Islamic extremist groups have increasingly incited Fulani Muslims to attack Christian areas, and witnesses for some of the attacks reportedly said the assailants’ faces were covered and that they carried sophisticated weapons.
Christians fear that Fulani herdsmen, with backing from Islamic extremist groups, want to take over the predominantly Christian areas in order to acquire land for grazing, stockpile arms and expand Islamic territory.
There were several reports of violence between Muslims and Christians in other areas of Kaduna and Plateau states in the two weeks before Easter, but the chairman of the COCIN Regional Church Council said there were no Christian reprisals related to the Attakar massacres.
“It is not true that Christians carried out any reprisal attacks on the Fulanis,” the Rev. Saleh Mabweh Mangai told Morning Star News. “If you go to the affected villages, you’ll see Fulani herdsmen moving about with their cattle. The claims of reprisal attack are false, and it is the usual way Muslims in Nigeria use false information to deceive the world about happenings in this country.”

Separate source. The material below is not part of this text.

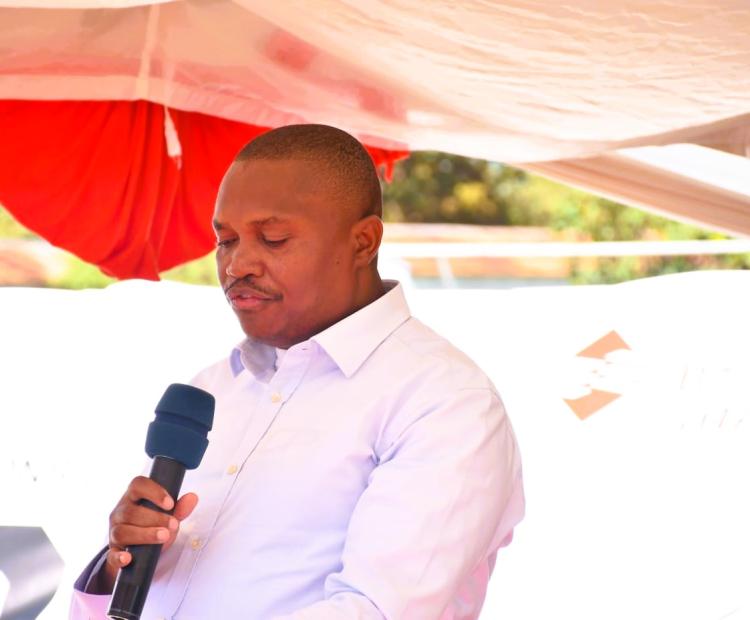 Mining Principal Secretary Elijah Mwangi when he presided over the vibrant graduation and certification ceremony where 120 highly trained professionals were issued with certificates under the RPL at Base Titanium’s Site in Kwale County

He appealed to the Nigerian government to step up efforts to curtail violence against Christians in northern Nigeria. Christians make up 51.3 percent of Nigeria’s population of 158.2 million and live mainly in the south, while Muslims account for 45 percent and reside primarily in the north, according to Operation World. Besides hit-and-run attacks by Fulani Muslims, Christians in Nigeria have also been targeted by the Islamic extremist Boko Haram group in its effort to destabilize the government and impose sharia (Islamic law) nationwide.
Kobobin John, church secretary of a COCIN congregation in Attakar, identified some of Christians killed in the 12 villages as Markus Awai, 70; Linus, 25; Andi Shakarau, 80; Markus Abba, 42; Godiya Abok, 90; Mafan Boyi, 25; and Henry Avong, 25. According to Dakwat, also killed were Mary Lutu, 50; Ayang Musa, 55; Ezekiel Nkut, 12; Babbie Nkut, 15; and Kushit Nkut, 7.
Among those injured, Dakwat identified Zakka Ishaku, 34, and Baba Anthony, 48. John, who spoke to Morning Star News in one of the camps of displaced Christians at Zangang village in Kaduna State, further identified some injured Christians: Zakka Abong, 38; Jonathan Ishaya, 32; Christiana Istifanus, 2; Mary Stephen, 25; and Anthony Bajo, 52.
Dakwat told Morning Star News that 13 Christians in Kaduna state villages and 13 in Plateau state villages were killed in the attacks. In the past decade, the border area has become a target of attacks from both Muslim terrorists and armed Muslim herdsmen, he said.
The 12 affected villages in both states were Kirim, Uchan, Zilang, Bubwat, Mafang, Zadiyen, Telak, Mayit, Bassat, Tingamagwai, Dugrak, and Chicham. Two COCIN church buildings in Kirim and Uchan were burned; four Anglican church buildings were ruined by fire in Zadiyen, Telak, Dugrat and Mayit; and in Tingamagwai, one building of the Evangelical Church Winning All and one Catholic church building were set ablaze.
“We request prayers for, and extend our condolences to, the families of all those who lost their lives during the tragic events of last week,” said the Rev. Yunusa Nmadu, head of Christian Solidarity Worldwide-Nigeria.